Have a question about this project? Sign up for a free GitHub account to open an issue and contact its maintainers and the community.

By clicking “Sign up for GitHub”, you agree to our terms of service and privacy statement. We’ll occasionally send you account related emails.

Already on GitHub? Sign in to your account

Full-text search does not appear to update, ever #410

Closed
Preskton opened this issue May 1, 2023 · 27 comments
Closed

Full-text search does not appear to update, ever #410

Preskton opened this issue May 1, 2023 · 27 comments
Assignees
Labels
Infra Team Requires review / feedback / etc. with infra team Suggestions New feature, service integration, or any other improvements

Comments

@Preskton
Copy link
Sponsor Contributor

Preskton commented May 1, 2023

Background

From the mastodon website:

Mastodon supports full-text search when Elasticsearch is available. Mastodon’s full-text search allows logged in users to find results from their own statuses, their mentions, their favourites, and their bookmarks. It deliberately does not allow searching for arbitrary strings in the entire database.
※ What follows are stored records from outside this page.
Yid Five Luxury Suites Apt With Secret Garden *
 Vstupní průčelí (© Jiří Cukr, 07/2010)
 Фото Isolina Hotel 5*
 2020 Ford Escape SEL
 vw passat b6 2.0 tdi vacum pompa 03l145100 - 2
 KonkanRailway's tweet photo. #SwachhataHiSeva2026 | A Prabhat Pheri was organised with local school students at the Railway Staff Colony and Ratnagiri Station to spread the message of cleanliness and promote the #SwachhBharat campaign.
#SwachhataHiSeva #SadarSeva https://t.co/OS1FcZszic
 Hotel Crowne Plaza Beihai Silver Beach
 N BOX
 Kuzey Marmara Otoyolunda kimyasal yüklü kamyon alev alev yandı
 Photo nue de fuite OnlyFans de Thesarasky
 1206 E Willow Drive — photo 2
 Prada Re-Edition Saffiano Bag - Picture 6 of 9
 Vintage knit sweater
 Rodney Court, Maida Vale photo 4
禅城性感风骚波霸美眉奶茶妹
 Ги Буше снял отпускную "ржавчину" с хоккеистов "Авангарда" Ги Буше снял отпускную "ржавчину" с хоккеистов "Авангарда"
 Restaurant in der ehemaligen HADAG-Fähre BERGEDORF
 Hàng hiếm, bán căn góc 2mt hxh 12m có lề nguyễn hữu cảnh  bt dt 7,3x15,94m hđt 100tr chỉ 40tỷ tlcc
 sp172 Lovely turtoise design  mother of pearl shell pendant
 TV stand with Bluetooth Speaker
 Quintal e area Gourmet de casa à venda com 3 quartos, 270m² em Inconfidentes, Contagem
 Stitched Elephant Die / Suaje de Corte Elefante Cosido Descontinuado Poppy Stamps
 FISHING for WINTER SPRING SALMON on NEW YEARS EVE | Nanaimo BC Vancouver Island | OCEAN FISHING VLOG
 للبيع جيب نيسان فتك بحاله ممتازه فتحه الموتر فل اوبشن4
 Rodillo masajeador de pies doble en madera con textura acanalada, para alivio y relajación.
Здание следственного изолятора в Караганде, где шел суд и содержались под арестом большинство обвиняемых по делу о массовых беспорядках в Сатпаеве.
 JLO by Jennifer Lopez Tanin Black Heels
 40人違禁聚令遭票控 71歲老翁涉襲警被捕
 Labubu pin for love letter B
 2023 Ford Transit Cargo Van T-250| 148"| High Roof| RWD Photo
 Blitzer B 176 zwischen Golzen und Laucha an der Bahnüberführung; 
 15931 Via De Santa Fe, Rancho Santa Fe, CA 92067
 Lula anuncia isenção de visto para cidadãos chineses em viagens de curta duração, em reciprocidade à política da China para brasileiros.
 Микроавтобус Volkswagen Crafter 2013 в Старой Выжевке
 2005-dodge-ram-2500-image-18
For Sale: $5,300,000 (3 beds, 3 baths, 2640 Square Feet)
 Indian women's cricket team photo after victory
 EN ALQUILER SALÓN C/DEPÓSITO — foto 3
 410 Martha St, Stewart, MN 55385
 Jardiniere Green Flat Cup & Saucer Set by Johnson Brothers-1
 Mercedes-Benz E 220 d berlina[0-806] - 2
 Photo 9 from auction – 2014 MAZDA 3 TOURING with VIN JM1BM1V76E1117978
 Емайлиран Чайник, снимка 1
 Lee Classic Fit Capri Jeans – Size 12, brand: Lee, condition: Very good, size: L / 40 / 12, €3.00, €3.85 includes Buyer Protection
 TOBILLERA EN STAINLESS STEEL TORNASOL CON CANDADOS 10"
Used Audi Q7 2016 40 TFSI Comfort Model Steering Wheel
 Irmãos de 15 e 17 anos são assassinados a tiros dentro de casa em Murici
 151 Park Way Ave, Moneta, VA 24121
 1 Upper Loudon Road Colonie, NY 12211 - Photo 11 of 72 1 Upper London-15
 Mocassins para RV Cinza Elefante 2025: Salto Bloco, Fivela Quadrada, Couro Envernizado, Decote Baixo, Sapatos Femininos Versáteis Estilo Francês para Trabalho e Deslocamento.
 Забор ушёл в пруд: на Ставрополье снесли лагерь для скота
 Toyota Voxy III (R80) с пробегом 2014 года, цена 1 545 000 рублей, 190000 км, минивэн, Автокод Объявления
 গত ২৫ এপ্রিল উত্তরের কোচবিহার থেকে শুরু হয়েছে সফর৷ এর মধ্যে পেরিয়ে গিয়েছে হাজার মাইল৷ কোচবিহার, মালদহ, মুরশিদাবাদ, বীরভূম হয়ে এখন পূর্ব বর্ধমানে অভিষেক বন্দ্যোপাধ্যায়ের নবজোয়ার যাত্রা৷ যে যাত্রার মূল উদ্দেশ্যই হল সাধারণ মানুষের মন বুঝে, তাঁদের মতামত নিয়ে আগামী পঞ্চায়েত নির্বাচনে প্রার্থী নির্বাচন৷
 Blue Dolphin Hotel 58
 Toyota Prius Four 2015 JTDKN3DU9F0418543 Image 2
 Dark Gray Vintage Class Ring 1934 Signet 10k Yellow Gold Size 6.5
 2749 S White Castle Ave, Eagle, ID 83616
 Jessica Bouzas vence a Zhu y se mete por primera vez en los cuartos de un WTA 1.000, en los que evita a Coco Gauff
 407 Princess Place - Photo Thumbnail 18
Previously, we offered full-text search against Hachyderm. Hachydermians have asked if we will reintroduce it. To do so, the infrastructure team will:

  • identify an infrastructure implementation
  • perform a cost analysis
  • make a final decision as to whether or not to re-launch this feature

should we choose to reintroduce search, Hachydermians should be able to search for any keyword in toots per the Mastodon manual.

Related Issues

#385
#387
#300
#386

@Preskton Preskton added Suggestions New feature, service integration, or any other improvements Infra Team Requires review / feedback / etc. with infra team labels May 1, 2023
@Preskton
Copy link
Sponsor Contributor Author

Mini-update here - we are working on establishing some base OS images & pipeline that make it easier for us to spin up new services (like ElasticSearch) -- but more importantly -- maintain and keep them secure in a sustainable way. Thanks for your patience, all, as we keep things rolling.

@prohr
Copy link

prohr commented Jul 2, 2023

It's been a few months. Any updates?

@Preskton
Copy link
Sponsor Contributor Author

Preskton commented Jul 2, 2023

server build is in progress. if things go well, hope to dark launch it tomorrow, wait it a bit, then formally announce it.

@prohr
Copy link

prohr commented Jul 2, 2023 via email

@Preskton
Copy link
Sponsor Contributor Author

Preskton commented Jul 2, 2023

fyi the full text indices are building now. looks like it will take somewhere between 12-16 hours (best guess) for them to process through the backlog.

@Preskton
Copy link
Sponsor Contributor Author

Preskton commented Jul 2, 2023

Looks like the index built way faster than expected. Full text search for historical and new toots should be good to go. We'll watch for a few days and then announce if everything continues to look good.

@prohr
Copy link

prohr commented Jul 7, 2023

I can confirm that searching for bulk-loaded content (> 5 days old) works great, but am having trouble searching for more recent posts.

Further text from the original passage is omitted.